The FDA has the authority to screen ads before they are published or aired and can pull an ad or order "corrective" advertising in particularly egregious cases. In most cases, the FDA says, drug companies will rewrite or withdraw ads voluntarily. FDA oversight also can cover the tactics drug companies — and their advertising agencies — use to distract the public from the information they want to downplay.
For example, among the many actions taken by the FDA over the last year is a letter to Wyeth-Ayerst concerning its osteoporosis drug Premarin. The letter criticized the way a TV ad’s visual montage distracts viewers from the wording of the drug’s risks, which are required to be included, while a more sedate background runs behind the text describing the drug’s benefits.
Similarly, the FDA said a TV commercial for Pharmacia & Upjohn’s injectable contraceptive Depo-Provera mixed its audio and visual messages about the drug’s risks too awkwardly, "virtually assuring that consumers will have trouble fully comprehending any of the information."

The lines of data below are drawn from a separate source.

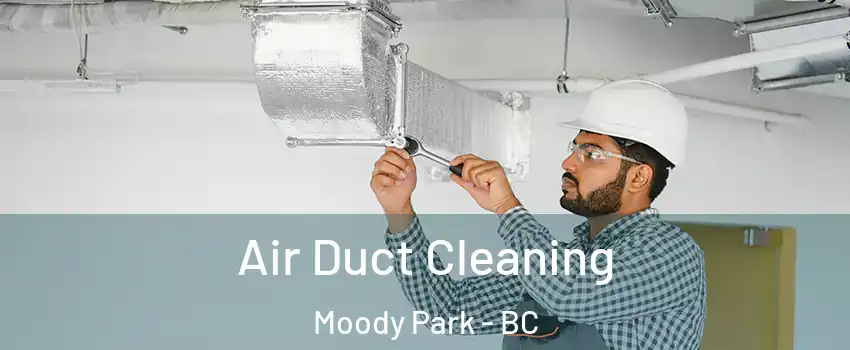  Air Duct Cleaning Moody Park - BC
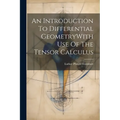 An Introduction To Differential GeometryWith Use Of The Tensor Calculus - Paperback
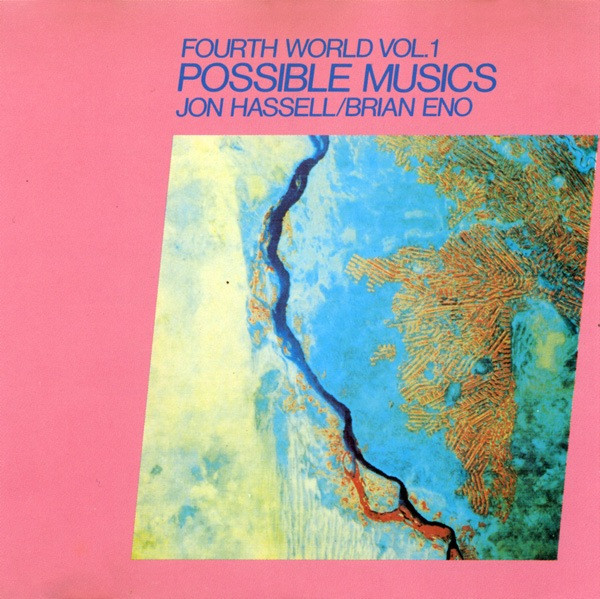Jon Hassell / Brian Eno – Fourth World Vol. 1 Possible Musics CD
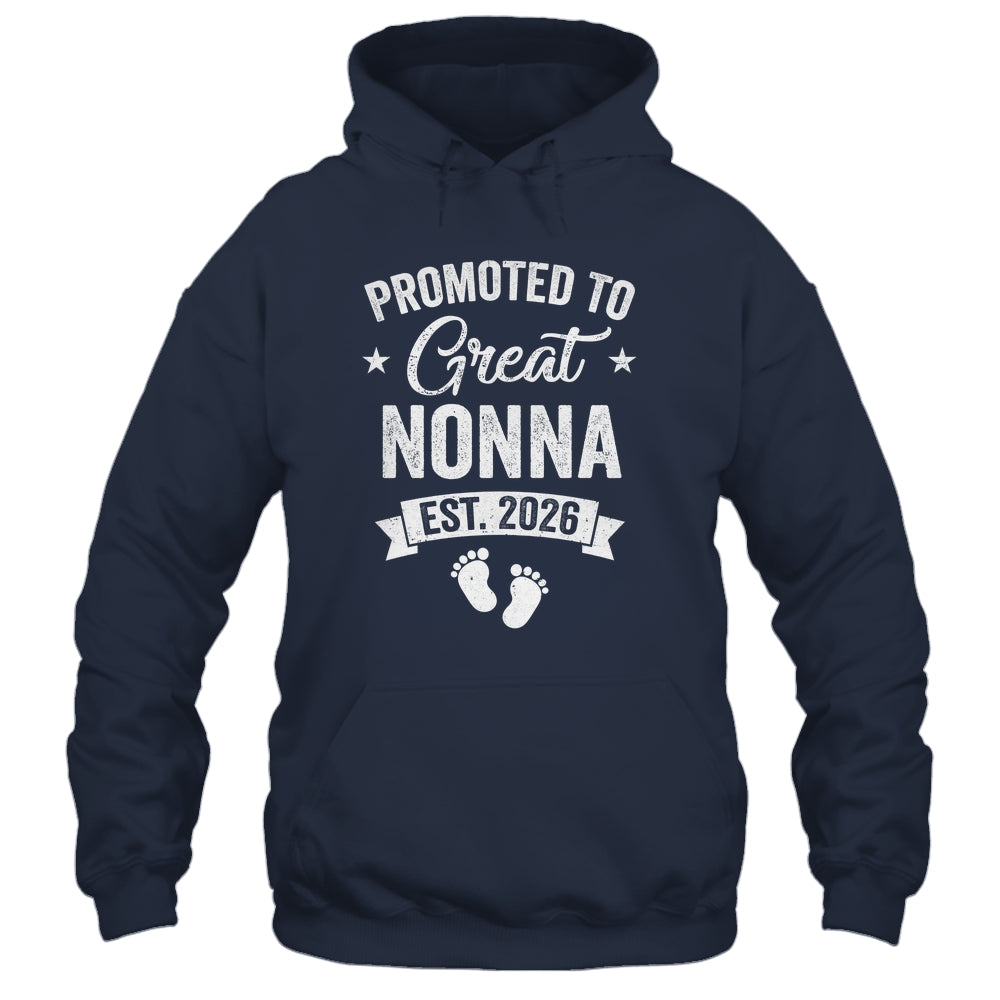 Promoted To Great Nonna Est 2026 Pregnancy Announcement Shirt & Hoodie | siriusteestore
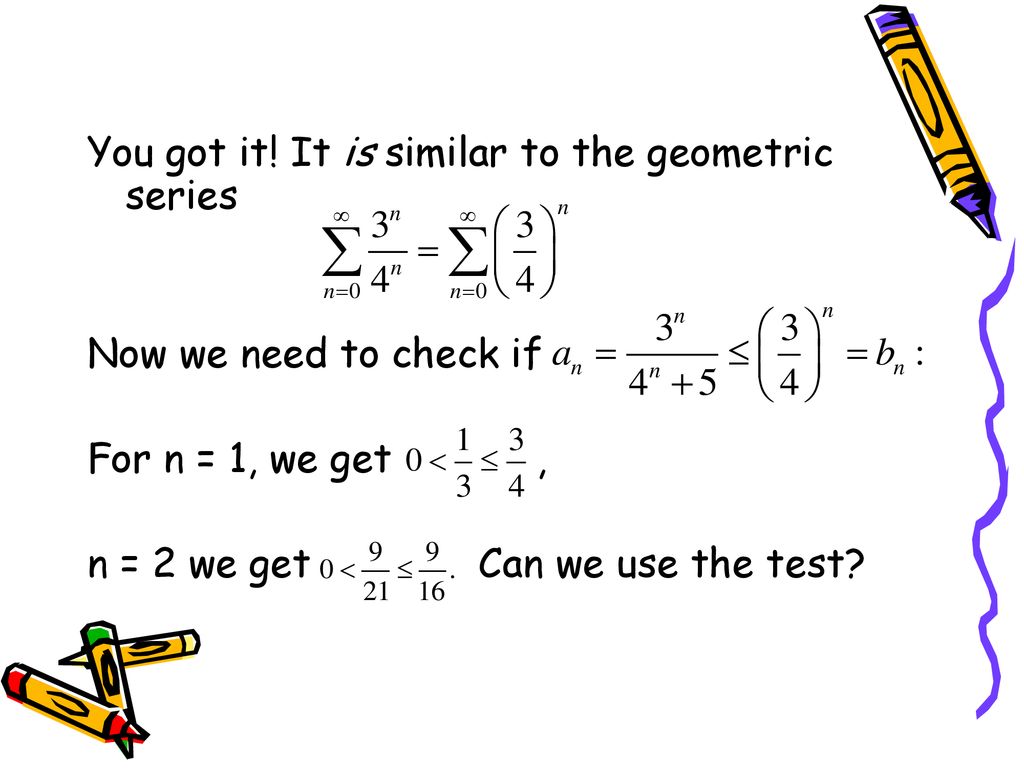 You got it! It is similar to the geometric series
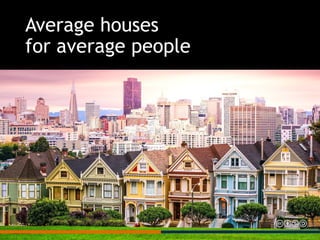 Average houses
for average people
 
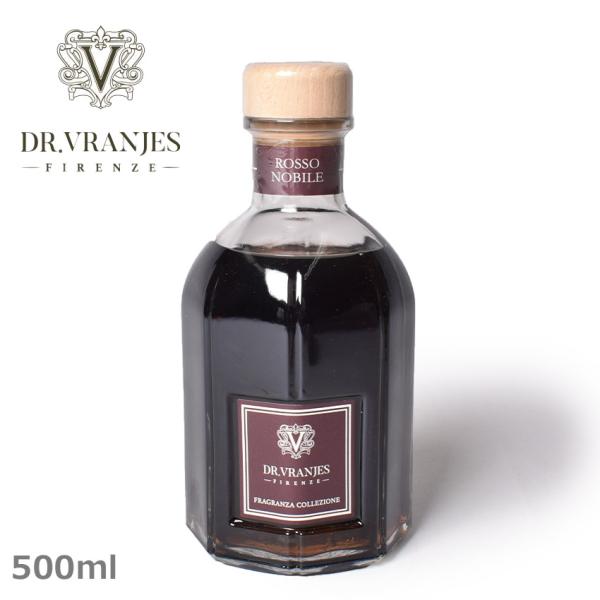 ドットール・ヴラニエス アロマディフューザー ロッソノービレ 500ml Dr.Vranjes 雑貨 おしゃれ 可愛い ブランド ギフト アロマ
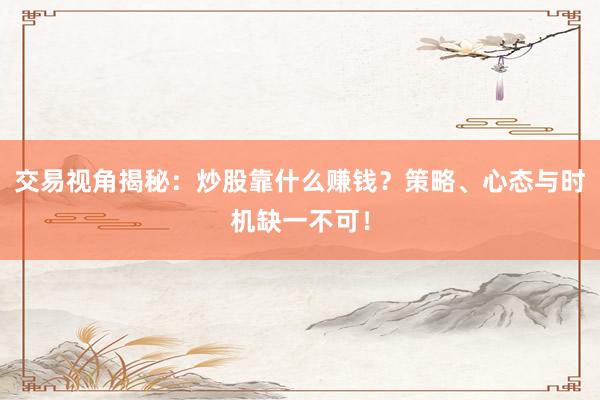 交易视角揭秘:炒股靠什么赚钱?策略、心态与时机缺一不可!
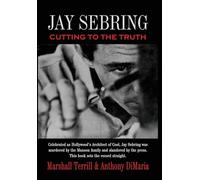 Jay Sebring: Cutting to the Truth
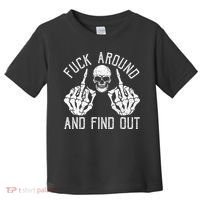F Ck Around And Find Out Skeleton Fuckin Hand Skull Toddler T-Shirt thumb 0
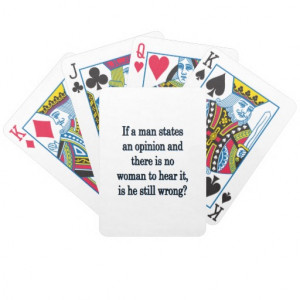 Man's Opinion - Funny Sayings Playing Cards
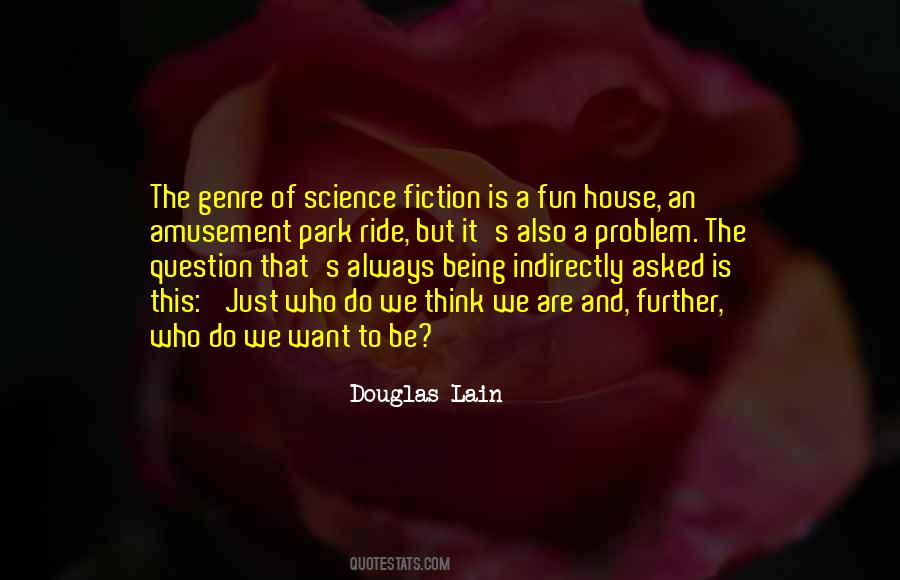 Quotes About Science Fiction Genre #1224245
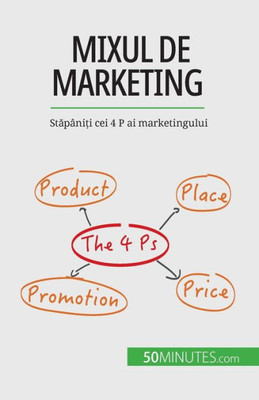 Mixul De Marketing: Stapâni?I Cei 4 P Ai Marketingului (Romanian Edition)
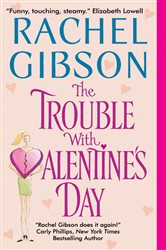 Book cover: The Trouble With Valentine's Day (Book 3 of Chinooks Hockey Team) by Rachel Gibson (preview)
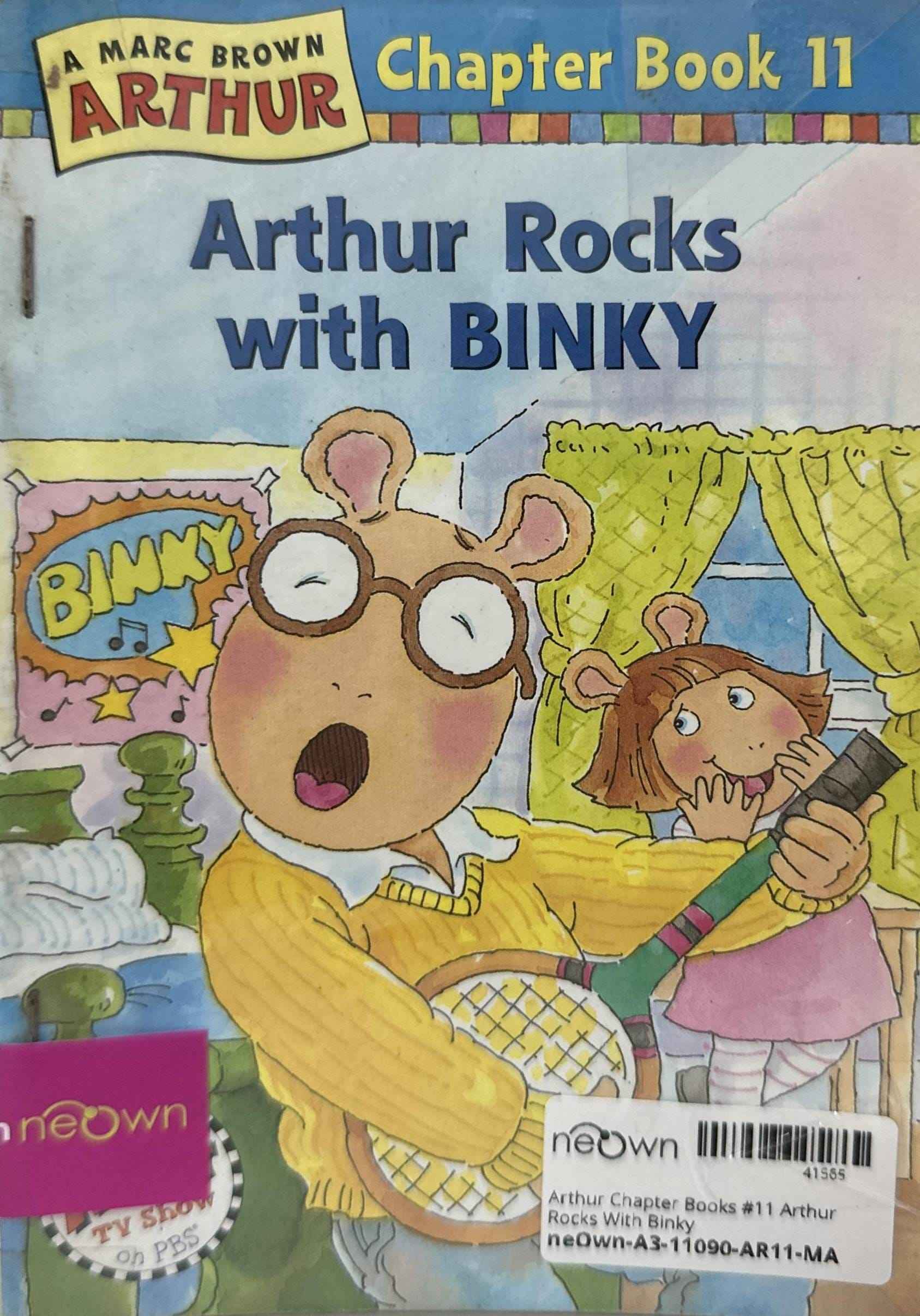 Arthur Chapter Books #11 Arthur Rocks With Binky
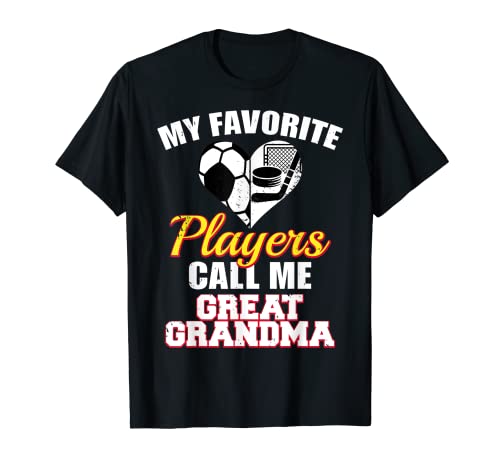 My Favorite Soccer Hockey Players Call Me Great Grandma T-Shirt
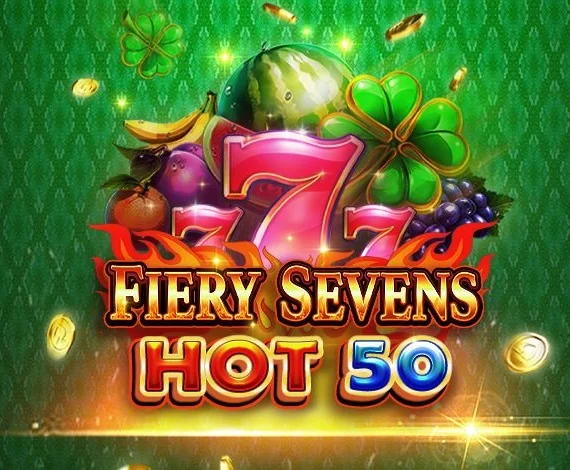 Fiery Sevens Hot 50
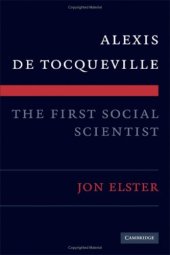 book Alexis de Tocqueville, the First Social Scientist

Novartis was criticized for "false, misleading, unbalanced and incomplete" information in ads for its cholesterol drug Lescol, which did not speak to the warnings of the drug’s effect on the liver. Pharmacia & Upjohn was stung again by the FDA for an ad for Caverject, billed as an alternative to Viagra, because the ad did not state the drug required a direct injection into the penis.
Bristol Myers Squibb was notified to change its ads for Pravachol, used to reduce the risk of heart attack, because the ad featured visuals of female athletes, though the FDA says women were not included in the clinical trials on which that indication was based. A Glaxo Wellcome print ad for its herpes treatment Valtrex was cited as "false or misleading and lacking in fair balance" because it did not include common side effects found in trials.
The FDA also monitors how ads directly tout one drug over a competitor. In one case, the FDA sent letters to three antihistamine makers, Hoechst Marion Roussel (Allegra), Schering-Plough (Claritin), and Pfizer (Zyrtec), telling all three to stop saying their drugs were better than their competitors’. The FDA says that based on information it has from the American Association of Advertising Agencies, pharmaceutical manufacturers spent $1.3 billion on ads in 1998, up from $595 million in 1996.